Minimize directly user visible freeze time upon chroniton capture
Chroniton capture uses CRIU and runs in two main phases: pre-dump and dump. Pre-dump captures do not freeze the container, occur in a back-to-back sequence, and are responsible for capturing progressively smaller memory change deltas since the previous dump. The final dump freezes the container, captures a final "still" memory dump, serializes a variety of system-level state, and (just prior to unfreezing) invokes filesystem state capture.
In early tests of the Chronostruct system, the typical pre-dump time was 100-200 milliseconds, but the final dump was about 3500 milliseconds. With TCP networking effects, the typical case for next event responsiveness within a captured container was close to 7500 milliseconds.
After extensive experimentation, I discovered that for typical containers, the process memory capture step represents only 3-6% of the time consumed for the final dump. Containers with large memory changes (into the gigabytes) were the only exception, but with functioning pre-dump deltas, most of those changes would be captured in the pre-freeze capture phase.

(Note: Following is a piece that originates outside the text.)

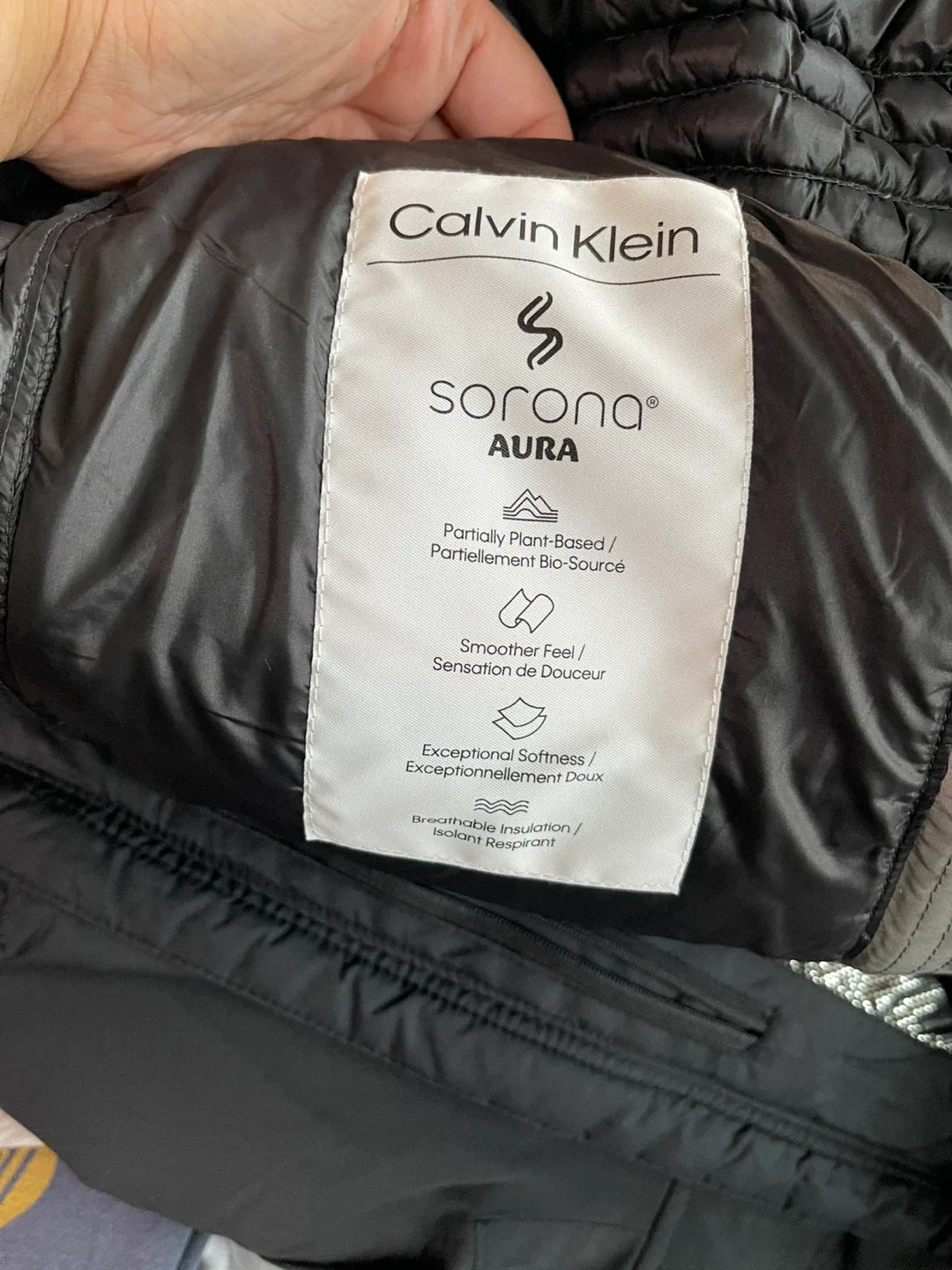 Calvin Klein Puffer Jacket - Size M image indicator(5)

Much of the rest of the time was consumed by serializing system-level data of various kinds.
As of late 2018-06, the following changes have improved freeze time baselines to approximately 1300 milliseconds:
- Disable systemd's journaling, as the journal file was being stored on a tmpfs, which requires a full copy upon capture
- Disable as many system background processes as possible leaving basically just systemd, chronitond, and the user login/bash processes
- Reduction of the chronode side TCP retransmission timeout toward chroniton containers to 5ms
Three "reasonable" scope modifications to further improve this time remain:
- Recompile systemd for the chroniton to use the underlying rootfs instead of mounting tmpfs for the running directory, and any other locations. tmpfs is less efficient for this use case than relying on the underlying rootfs snapshots. This behavior is not configurable at systemd runtime. There are still tmpfs mounts that (though are less costly to run without the journal) consume some non-trivial amount of time in capture. This might save 200 ms.
- Switch from fork-exec'ing LXC/CRIU/action-script commands to a liblxc and CRIU RPC method. This might save 100 ms.

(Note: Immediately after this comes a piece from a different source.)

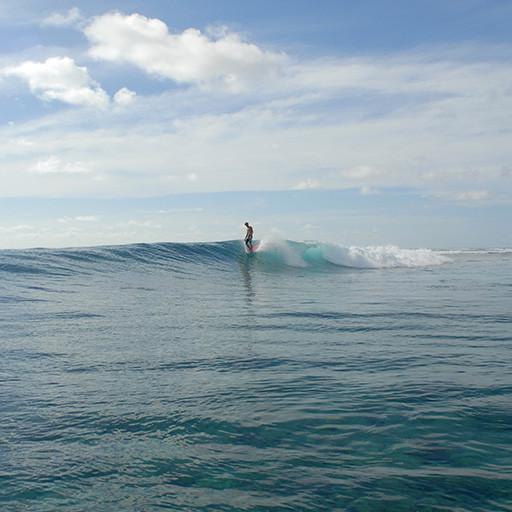 Surfing - Gili Lankanfushi Maldives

- Add a new CRIU (advisory) notification at start-of-freeze rather than relying on (blocking) end-of-freeze. Use this advisory notification to begin the filesystem snapshot in parallel with the CRIU dump, though hold the end-of-freeze in place if the filesystem snapshot process does not complete before the CRIU dump. This might save 400 ms.
All added up, however, the "optimistic" baseline capture time will likely still be in excess of 600 milliseconds, or about 6x longer than the human perceptible threshold of "immediate" responses. Every additional process running within the container also adds to the capture time. Further, more invasive, system modifications to improve these capture times are likely possible (e.g. more kernel level involvement), but impractical to pursue.
Instead of trying to squeeze every last decisecond out of the capture process, a complementary approach is to "fake" responsiveness of the system. There are two approaches worth considering:
- Network latency hiding approaches
- Predicting user quiescence and scheduling captures between user activity periods
In the first area, the Mosh project (https://mosh.org/) implemented "local" echo and line editing approximation for latency hiding, as well as connectivity robustness improvements, but the former is most applicable. The "local" echo and line editing approximations utilize a "smart" terminal emulator on the client side, and a state reconciliation protocol rather than raw terminal command transmission over the network. The client side heuristically predicts the output effect of a user keystroke and immediately manifests that prediction in the user display (though underlined to signify it is a prediction), and then the reconciliation process confirms or corrects that prediction after communicating with the server.
There is similarity between latency hiding over a lousy network connection (as Mosh was designed to do), and responsiveness hiding over a connection to a periodically non-responsive server (as Chronostruct does). It is worth experimenting with Mosh's approach, as an internal implementation detail, to determine if it is sufficient to satisfy "immediacy" needs of the interactive sessions in Chronostruct.
There are, however, some potential problems:
- Mosh is written in C, and interfacing to it in Go is a non-trivial amount of work
- Mosh is GPLv3 licensed, meaning any such experimental Chronostruct version cannot be distributed
It is still worth experimenting with the idea, and then adapting some of the ideas (especially if they come from the Mosh paper instead of the code) for a clean-room reimplementation.